**What to do**: Restate word for word the lines of the records below, starting at the line that contains "02335 1 35 PLA" and ending at the line that contains "BVLGARI Золотое кольцо", with both of those lines included and nothing else.

Segment Open

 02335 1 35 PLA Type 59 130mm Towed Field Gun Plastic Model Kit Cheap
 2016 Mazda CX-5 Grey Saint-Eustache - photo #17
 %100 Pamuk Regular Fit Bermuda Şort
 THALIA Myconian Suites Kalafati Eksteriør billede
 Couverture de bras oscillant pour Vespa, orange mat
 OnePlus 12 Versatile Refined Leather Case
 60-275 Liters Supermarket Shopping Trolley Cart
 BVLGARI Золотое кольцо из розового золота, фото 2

Segment Closed
Segment Open

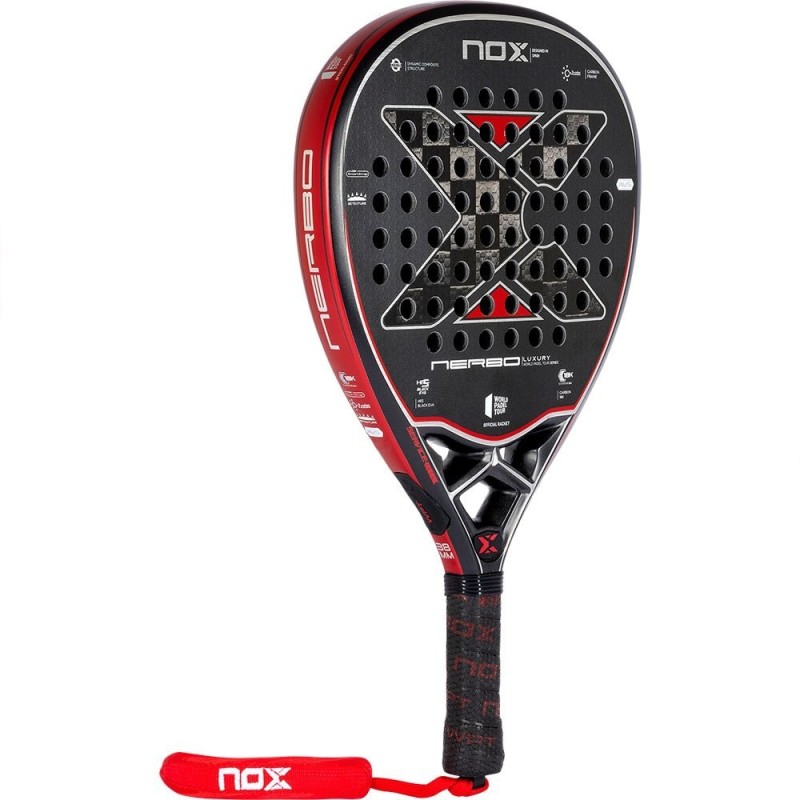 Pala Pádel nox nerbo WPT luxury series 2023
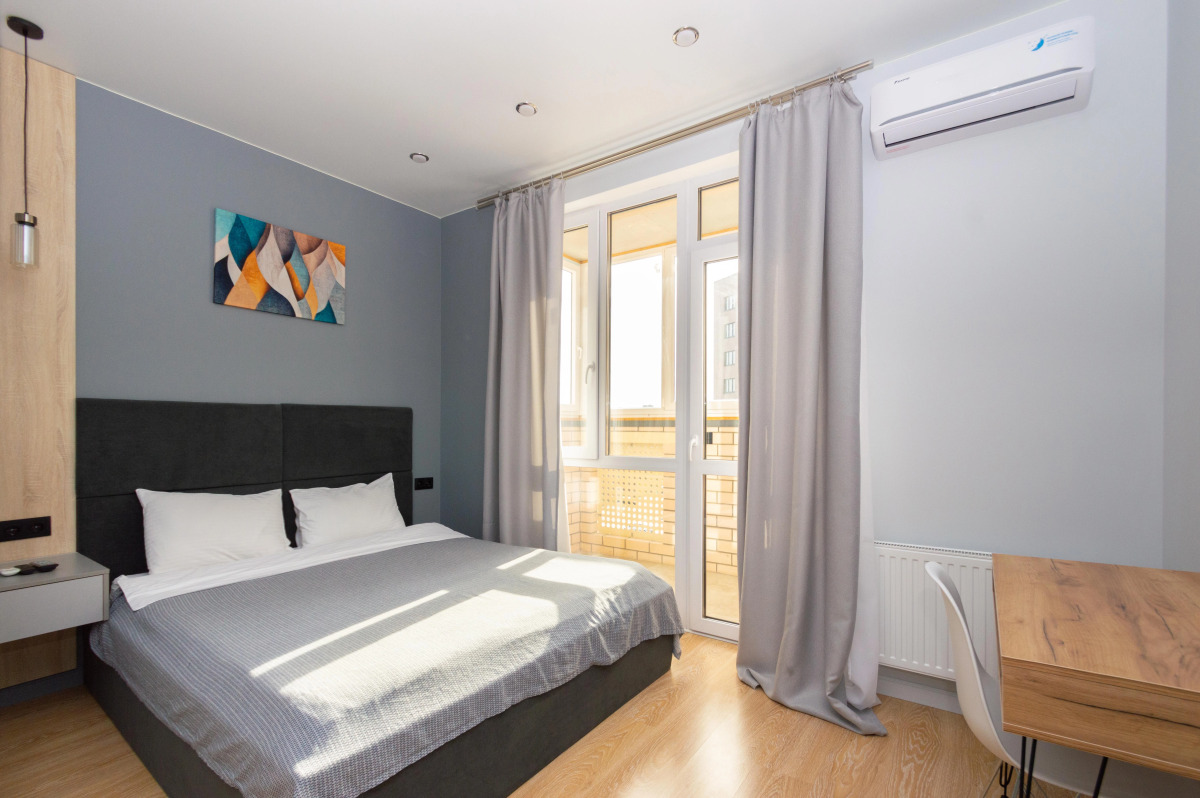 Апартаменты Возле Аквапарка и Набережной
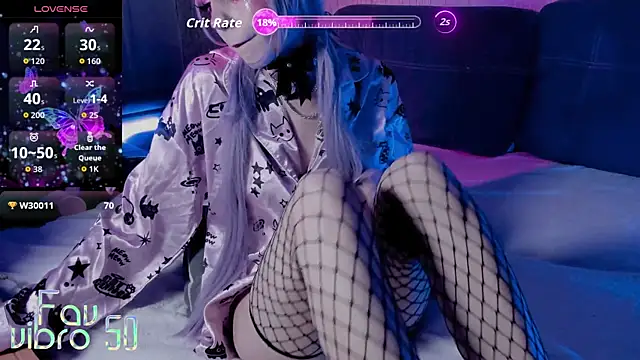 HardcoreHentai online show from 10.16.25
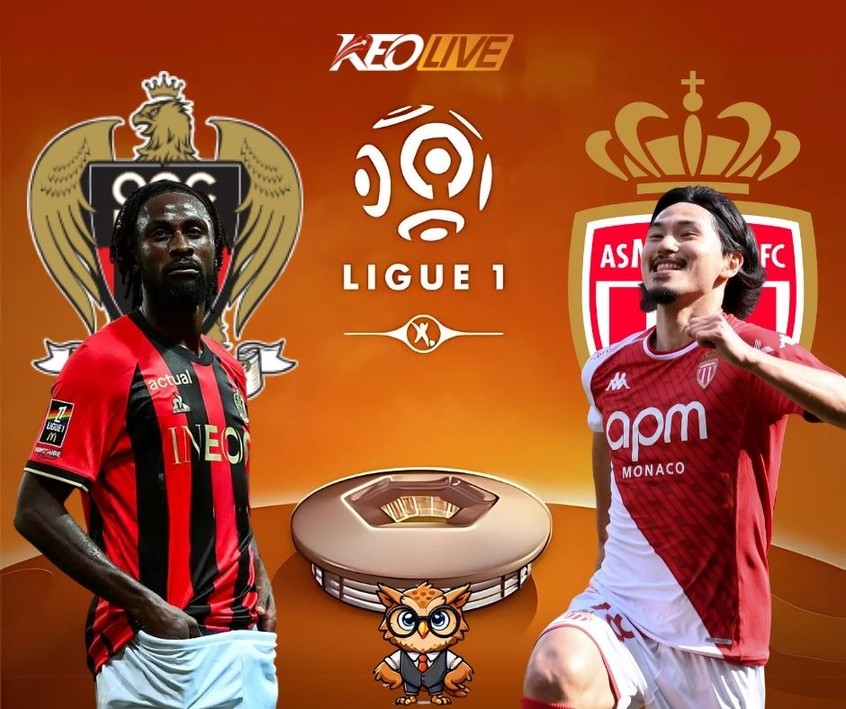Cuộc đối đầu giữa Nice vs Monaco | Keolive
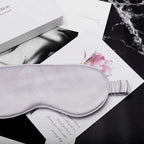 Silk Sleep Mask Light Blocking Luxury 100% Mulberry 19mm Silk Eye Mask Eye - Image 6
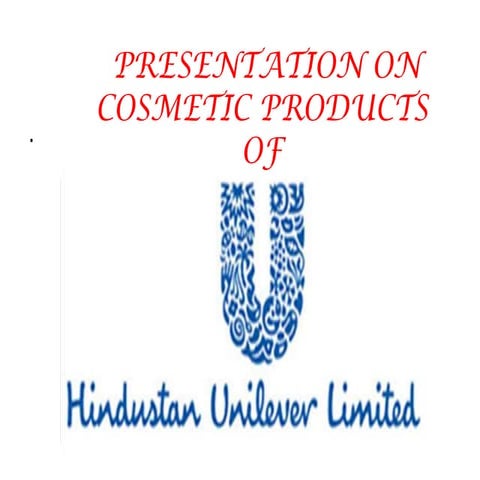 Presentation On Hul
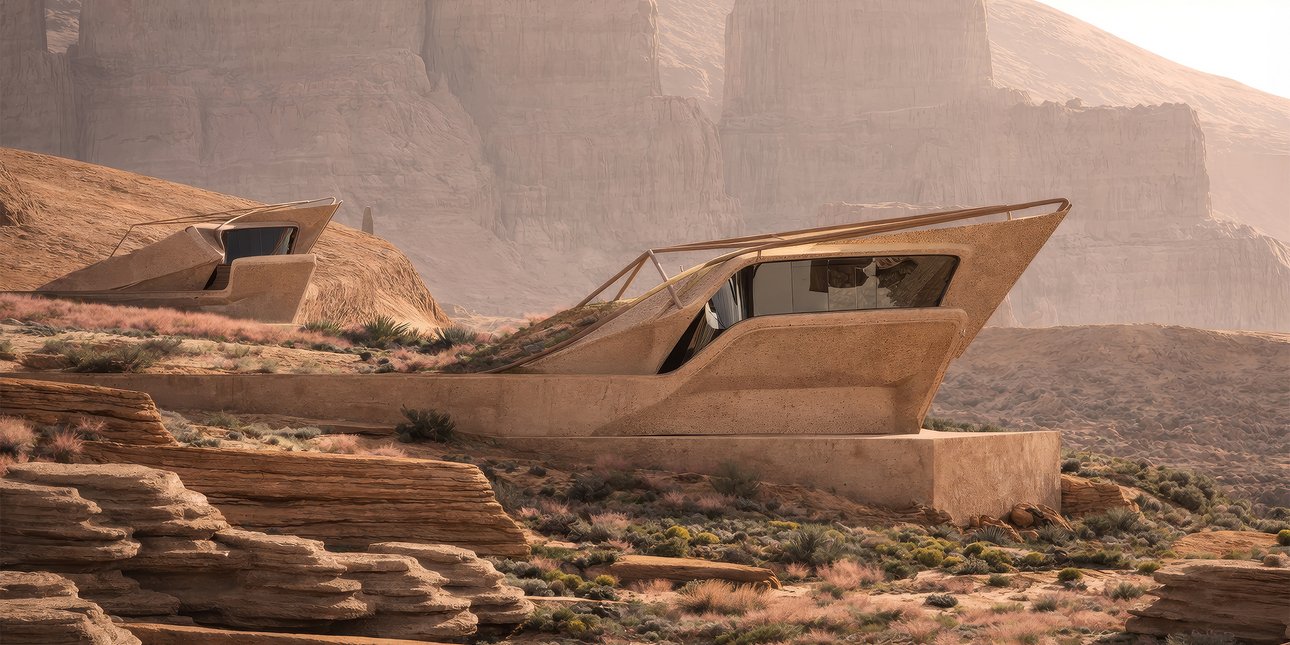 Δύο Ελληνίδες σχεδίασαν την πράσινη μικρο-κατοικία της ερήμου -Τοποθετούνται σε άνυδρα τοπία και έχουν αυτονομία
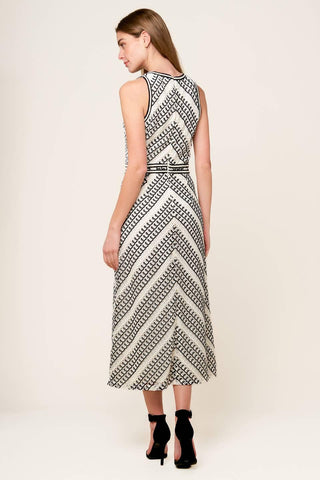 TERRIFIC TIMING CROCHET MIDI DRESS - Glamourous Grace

Segment Closed
Segment Open

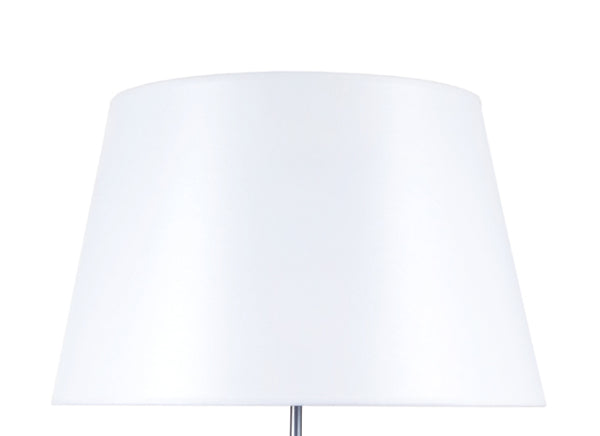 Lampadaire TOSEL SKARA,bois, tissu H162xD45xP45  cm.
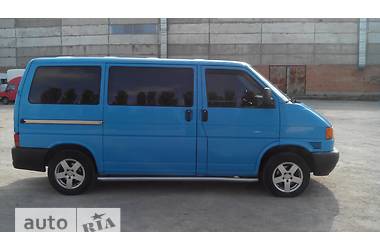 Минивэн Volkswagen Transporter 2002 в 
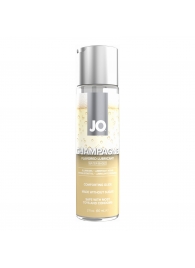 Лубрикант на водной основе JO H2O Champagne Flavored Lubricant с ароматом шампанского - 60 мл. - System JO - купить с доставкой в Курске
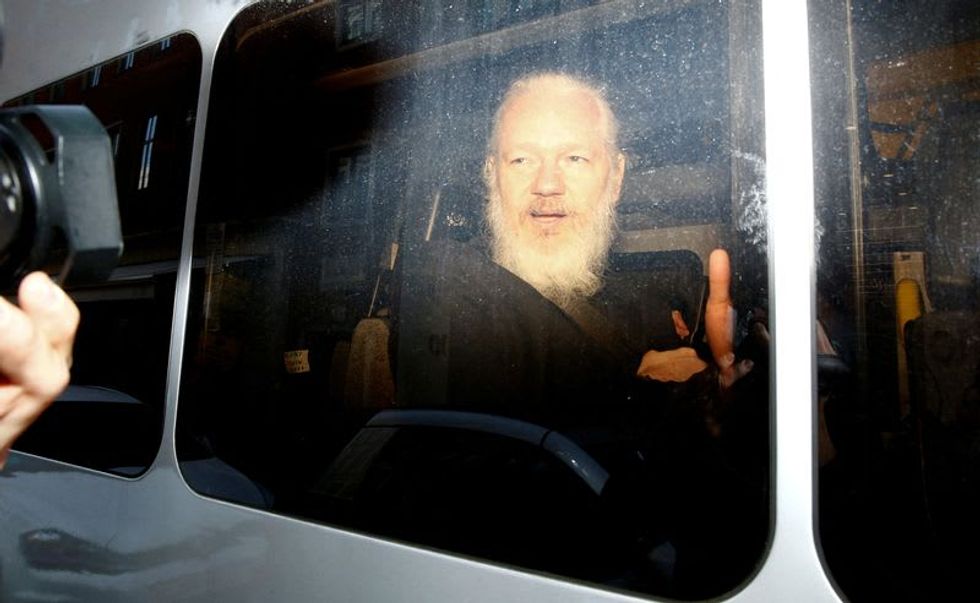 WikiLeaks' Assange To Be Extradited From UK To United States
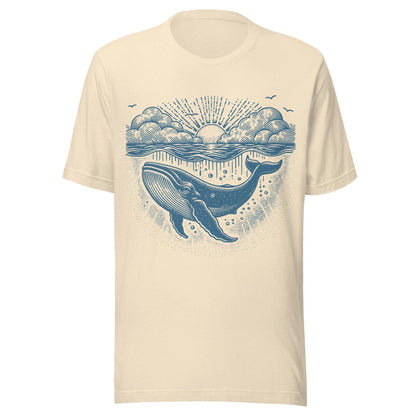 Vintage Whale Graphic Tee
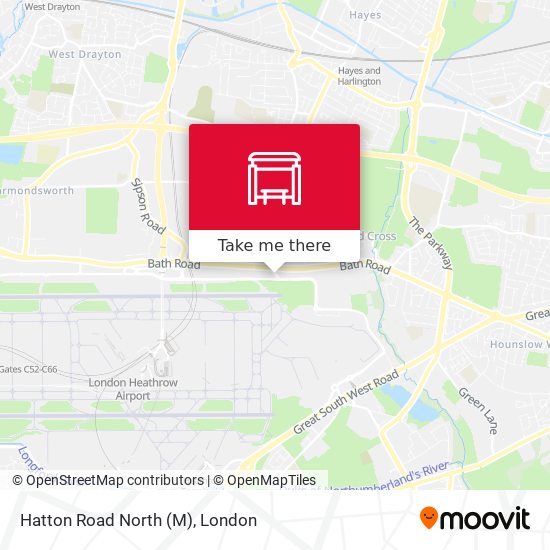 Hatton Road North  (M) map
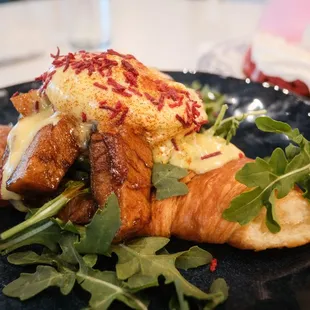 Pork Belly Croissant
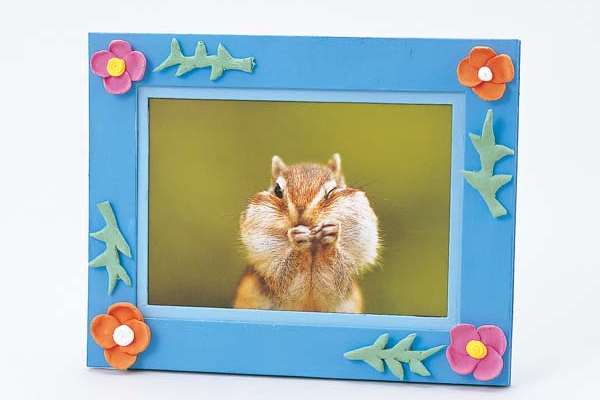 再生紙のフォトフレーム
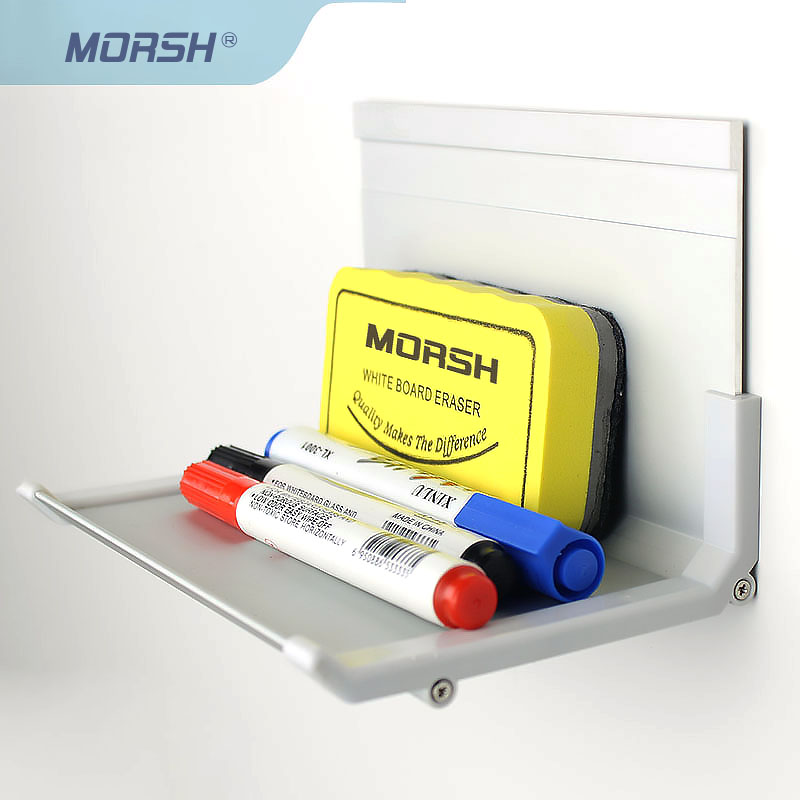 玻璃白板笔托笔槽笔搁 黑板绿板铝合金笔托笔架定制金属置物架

Segment Closed

**Exercise solution**:
 02335 1 35 PLA Type 59 130mm Towed Field Gun Plastic Model Kit Cheap
 2016 Mazda CX-5 Grey Saint-Eustache - photo #17
 %100 Pamuk Regular Fit Bermuda Şort
 THALIA Myconian Suites Kalafati Eksteriør billede
 Couverture de bras oscillant pour Vespa, orange mat
 OnePlus 12 Versatile Refined Leather Case
 60-275 Liters Supermarket Shopping Trolley Cart
 BVLGARI Золотое кольцо из розового золота, фото 2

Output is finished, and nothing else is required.